Waiting on God
Have you ever wanted a change? Perhaps you are single and desire relationship. Or you desperately want a different job. Maybe your heart is leading you towards a mission, ministry, or adoption.
Maybe the change is more subtle. Maybe it’s something you’ve always wanted to say to someone, or something you’ve always wanted to do.
Perhaps the desire for this change is now at its peak, demanding your action. This is it. You finally have the courage to face the challenge head on in anticipation of the reward on the other side.
It’s now or never, you fear. You go to the Lord in prayer, resolved to do whatever it takes to follow through with this, what now feels to be a calling from God.
And He answers you with two words, “do nothing.” What? Isn’t this desire from You, Lord?! What could benefit anyone from being told to NOT act on what they feel is right?
F.B. Meyer once wrote,
Never act in a panic; nor allow man to dictate to thee, calm thyself and be still; force thyself into the quiet of thy closet until the pulse beats normally and the scare has ceased to perturb. When thou art most eager to act is the time when thou wilt make the most pitiable mistakes. Do not say in thine heart what thou wilt or wilt not do; but wait upon God until He makes known his way. So long as that way is hidden, it is clear that there is no need of action, and that He accounts Himself responsible for all the results keeping thee where thou art.
Many years ago, a friend gave me this quote during a time when I was at a crossroad in my service to the Lord.
This friend knew nothing of my conflicting spirit, but clearly was used by God to speak to me. It was clear He was telling me to “do nothing” towards a change at this time.
I was struck by the beauty of the realization that the Lord Jesus is willing to accept responsibility for my lack of apparent action as I actively wait on Him. This time in waiting not only allowed His will to take over, it also allowed my desires to stew in His, becoming like His desires. Even greater, it was time spent cultivating relationship with Him and the wisdom that comes from it.
Waiting is hard. At times, painfully hard. So hard, that sometimes we fail to do nothing and we act out of fear, like Abraham’s wife did in Genesis 12, in the midst of waiting on the Lord’s promise of a child.

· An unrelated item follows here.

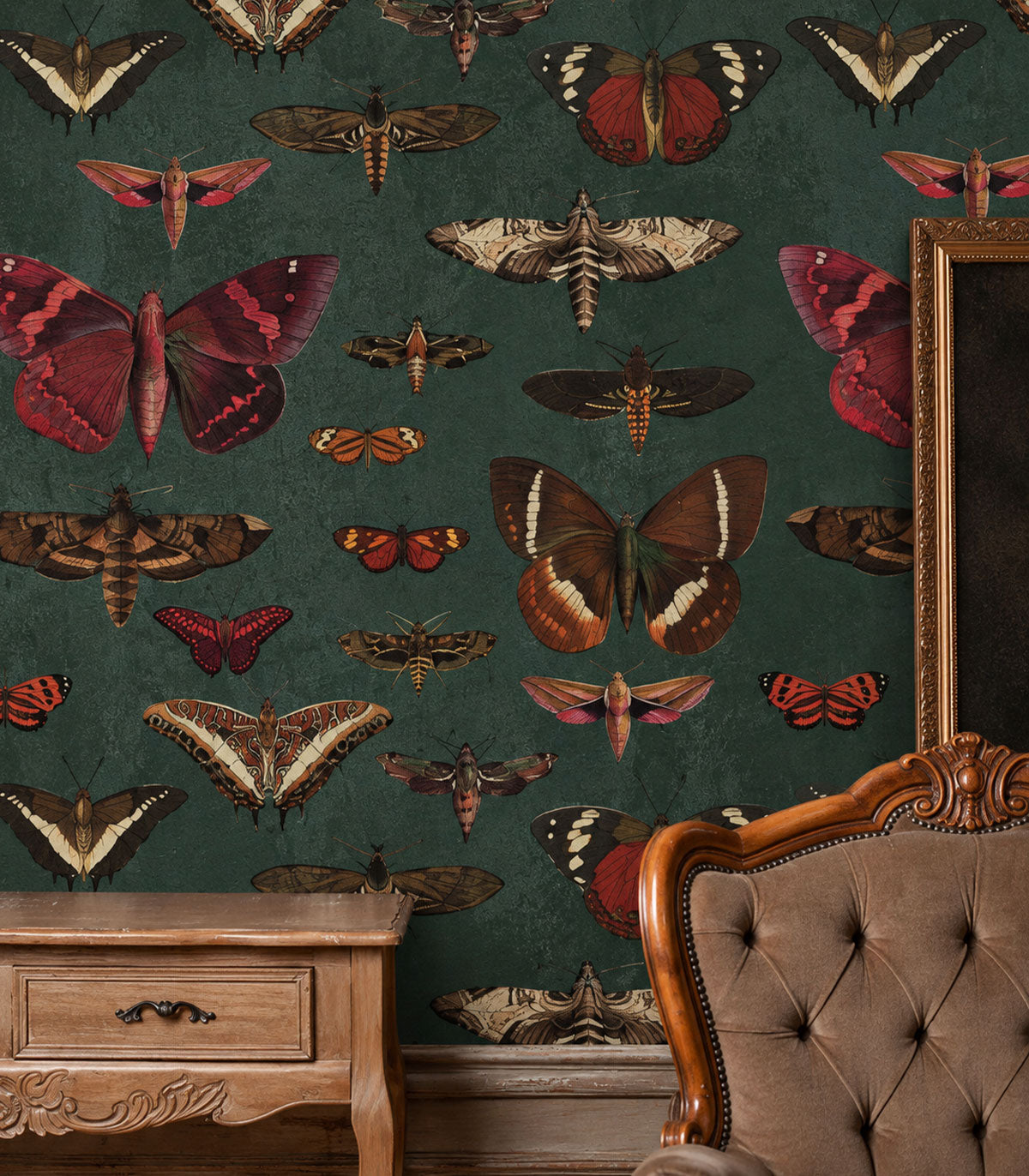 Papel pintado Butterflies Vert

Sure, action by our own efforts gets the job done physically. However, it’s in those times of “doing nothing” that we are doing some of our most important work, eternally, as children of God.
In Proverbs 2: 2-11, we read:
2 “Make your ear attentive to wisdom, Incline your heart to understanding; 3 For if you cry for discernment, Lift your voice for understanding; 4 If you seek her as silver And search for her as for hidden treasures; 5 Then you will discern the fear of the Lord And discover the knowledge of God. 6 For the Lord gives wisdom; From His mouth come knowledge and understanding. 7 He stores up sound wisdom for the upright; He is a shield to those who walk in integrity, 8 Guarding the paths of justice, And He preserves the way of His godly ones. 9 Then you will discern righteousness and justice And equity and every good course. 10 For wisdom will enter your heart And knowledge will be pleasant to your soul; 11 Discretion will guard you, Understanding will watch over you.”
While we “do nothing” on purpose, we are encouraged many times in scripture to use our time intentionally. It’s a time of active waiting. It’s in this time of pause that we learn to trust more in His Wisdom (2 Samuel 7:28, Psalm 20:7, Joshua 1:9).
We learn to find our joy in Him and only Him (Proverbs 10:28, Romans 15:13, James 1:2-9).
And, ultimately, we are allowing Him to receive all the glory (Duet. 5:24, 1 Peter 5:6-11, John 11:40-42).
This is why, as F. B. Meyer said, Jesus is willing to take the blame for our lack of action. The Lord knows the outcome is worth it, because the greatest outcome, over any earthly one, is a deeper, more trusting, more unified relationship between Him and His child.